* _AIM OF THE TASK_: Each entry below is to be printed verbatim.

* _ENTRIES SUPPLIED_:
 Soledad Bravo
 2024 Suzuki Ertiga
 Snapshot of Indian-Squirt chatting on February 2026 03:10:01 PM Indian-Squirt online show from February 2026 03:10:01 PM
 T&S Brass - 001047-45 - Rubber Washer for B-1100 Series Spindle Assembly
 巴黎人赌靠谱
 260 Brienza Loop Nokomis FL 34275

* _SOLVED EXERCISE_:
 Soledad Bravo
 2024 Suzuki Ertiga
 Snapshot of Indian-Squirt chatting on February 2026 03:10:01 PM Indian-Squirt online show from February 2026 03:10:01 PM
 T&S Brass - 001047-45 - Rubber Washer for B-1100 Series Spindle Assembly
 巴黎人赌靠谱
 260 Brienza Loop Nokomis FL 34275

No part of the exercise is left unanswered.